On lâche l'ancre dans la deuxième baie en remontant vers
l'est, sur deux mètres de sable blanc.
On est face à un rideau de végétation
constitué de mangrove et d'arbres assez hauts, qui abrite
un impressionnant peuplement d'oiseaux aux cris rauques et à
l'odeur ... entêtante.
Pas de doute, on est bien dans l'archipel de "Las Aves",
les oiseaux en espagnol.
Dans le ciel ainsi qu'à tous les étages de la mangrove,
c'est un incessant trafic, les volatiles vont et viennent d'un air
affairé, ou alors planent simplement en grandes arabesques
dans l'azur. Ils sont des milliers. Il faudra aller voir ça
de plus près demain, pour l'instant on se contente de les
observer aux jumelles. |
La mangrove abrite des milliers d'oiseaux |
Sous l'eau, une rapide plongée avec Romain et
Bastien nous révèle un récif décevant, bien
moins peuplé qu'aux Roques, avec des poissons plus craintifs. Il
faut dire que nous sommes juste à côté d'un campement
de pêcheurs... On ramène quand même une langouste,
petite mais suffisamment décente pour passer à la casserole.

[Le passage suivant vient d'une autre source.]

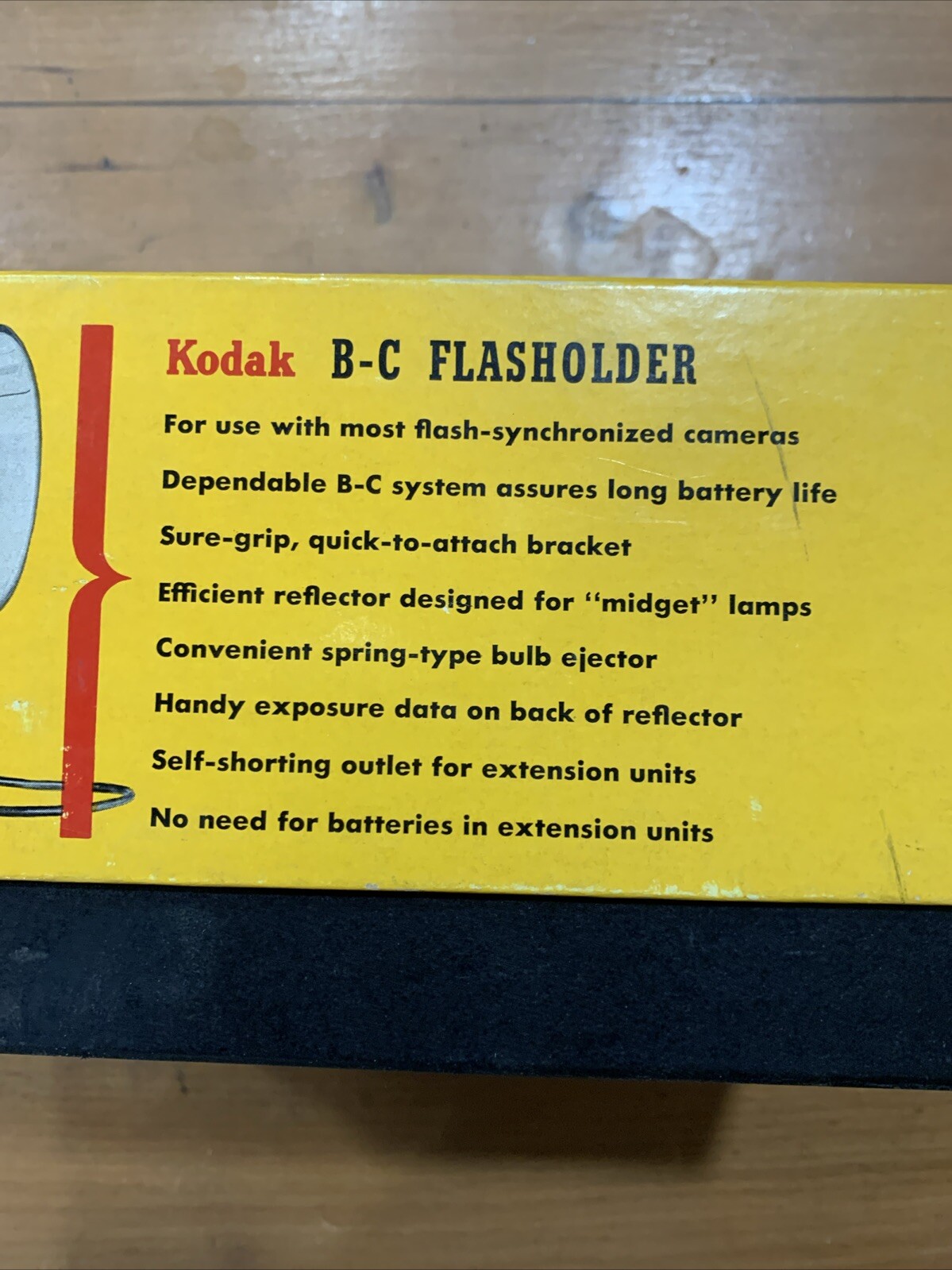 Vintage Kodak B-C Flash Holder +camera filters W/ Original Box- Untested, As-Is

25 mai, Las Aves de Barlovento,
Isla Sur, deuxième baie
Ce matin, nous explorons la mangrove en annexe, avec appareil photo et
caméscope, les ornithologues à l'action! On s'approche doucement
des arbres pour ne pas effrayer les oiseaux d'abord au moteur, puis à
la rame. Ensuite, en s'accrochant aux branches à côté
des nids, on peut les admirer de très près, à quelques
mètres, en silence. Ce sont tous des "red-footed boobies",
des fous à pieds rouges. Effectivement, leurs pattes sont terminées
par de jolies palmes souples, de couleur rouge vif, dont ils se servent
aussi bien pour nager que pour s'agripper aux branches de leur habitat.
Il y a des jeunes en duvet blanc, à l'air un peu ahuri, encore
coincés au nid car ils ne savent pas voler.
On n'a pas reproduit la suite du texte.